If we each mentored one child of a different background, we could become the bridge that spans the opportunity gap, Rosemary Putnam tells me.

A retired teacher, Mrs. Putnam does the work that will solve the problems her husband writes about. Robert Putnam is quick to tell you that she’s the “doer” — “the true social capitalist in the family.” The complementarity between the two — and the important work they both do — underscores how we all have our roles. And he has taken on the task of challenging the conscience of a distracted country, where we are too busy debating things that we could, like Rosemary, just go ahead and tackle.
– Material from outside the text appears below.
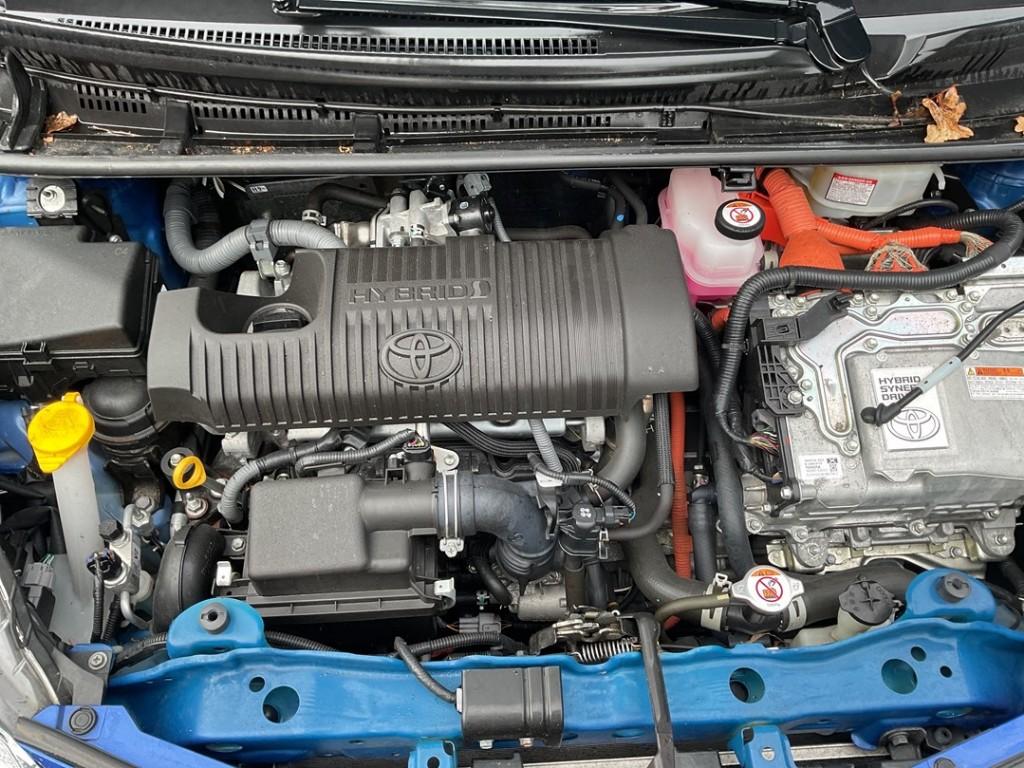Versnellingsbak Automaat ABS Yaris III (P13) 2020, Gebruikt, Kundenbetreuung@toyota.de, Toyota-Allee 2, Köln 50858, , Duitsland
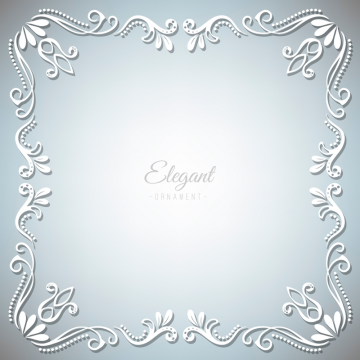 360x360 Silver Background Png, Vector, And Clipart With Transparent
Putnam tells us of the motto on their refrigerator door: “One hundred years from now, it won’t matter . . . how much I had in my bank account. . . . But the world may be a little better because I was important in the life of a child.” Putnam shows us the numbers, and reminds us that the treasures of our country are the heroes who look around and share what they know, and do what they can to help. Because they want to be good, sure, but it also happens to be smart and productive for everyone. Maybe just one subway seat at a time? 

— Kathryn Jean Lopez is senior fellow at the National Review Institute, editor-at-large of National Review Online, and founding director of Catholic Voices USA.